I have to confess to using some words that were dirtier than lavvie paper!  I managed to get it going again by booting to safe mode and removing the offending update.  30 minutes to go.  Lets get Swiss Manager up and running.  Everything is fine, chatting to the players in the chatroom and it is time to publish the round 1 draw.  Virus checker decided that javaflo is a virus.  *sigh*  The laptop nearly ended up in the garden.

Players were brilliant. we had some good banter in the chat room with questions being asked like where the canteen was.  I really had a good time running it.  I had whatsapp running in the background so players had that, internal messaging email or chatroom if they needed to get a hold of me.  Round 1 and 4 I had clubmates playing the top seed GM Matthew Turner.  There was a flurry of messages in the club whatsapp group as everyone wanted the links to watch.

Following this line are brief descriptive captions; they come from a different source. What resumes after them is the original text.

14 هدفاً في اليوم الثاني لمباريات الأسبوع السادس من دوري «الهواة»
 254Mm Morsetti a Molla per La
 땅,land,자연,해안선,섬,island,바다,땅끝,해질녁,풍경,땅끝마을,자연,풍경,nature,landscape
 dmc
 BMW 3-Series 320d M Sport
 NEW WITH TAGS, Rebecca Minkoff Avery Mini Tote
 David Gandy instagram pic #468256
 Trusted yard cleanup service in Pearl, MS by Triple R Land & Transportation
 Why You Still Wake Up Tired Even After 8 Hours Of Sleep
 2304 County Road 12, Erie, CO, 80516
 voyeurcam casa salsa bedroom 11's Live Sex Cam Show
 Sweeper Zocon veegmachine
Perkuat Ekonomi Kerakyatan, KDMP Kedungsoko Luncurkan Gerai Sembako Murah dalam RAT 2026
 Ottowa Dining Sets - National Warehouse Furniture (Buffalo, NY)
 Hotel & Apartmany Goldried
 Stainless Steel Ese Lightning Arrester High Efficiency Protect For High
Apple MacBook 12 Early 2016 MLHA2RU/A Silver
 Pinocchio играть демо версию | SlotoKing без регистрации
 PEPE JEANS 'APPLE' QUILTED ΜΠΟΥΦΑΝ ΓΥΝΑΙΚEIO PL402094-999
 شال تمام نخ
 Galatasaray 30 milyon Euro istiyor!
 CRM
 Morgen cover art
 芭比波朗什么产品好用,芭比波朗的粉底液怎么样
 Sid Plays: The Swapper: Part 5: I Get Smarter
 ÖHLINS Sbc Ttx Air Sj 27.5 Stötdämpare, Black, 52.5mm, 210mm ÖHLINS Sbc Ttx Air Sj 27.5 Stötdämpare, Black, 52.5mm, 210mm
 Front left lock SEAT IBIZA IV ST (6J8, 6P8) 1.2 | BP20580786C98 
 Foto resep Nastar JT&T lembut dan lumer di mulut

Sunday and it was the day of the lightning.  This time the computer did not decide to misbehave and again things went smoothly, well almost smoothly.  After round 5 I announced a 10 minute toilet break.  It was that or it was going to get messy.  It appears that not everyone was paying attention to the chat room as I got a couple of bemused emails asking when the next round started!

Again it was a day of banter and good natured chess. This was a different arbiter experience concentrating on 13 Windows while my son tried to give me a Fathers day present.  Online arbiting is a lot of fun and as hard as offline.  Feels weird not having to look for illegal moves or irregularities!

Have to feel sorry for the player in time trouble on Saturday who faced this position and played Kc4??



On a final note, we received news last night that our good friend Andrew Burnett had had a heart attack and was in hospital.  He appears to be doing well.  We all wish him a speedy recovery and look forward to seeing him fit and healthy back at the board.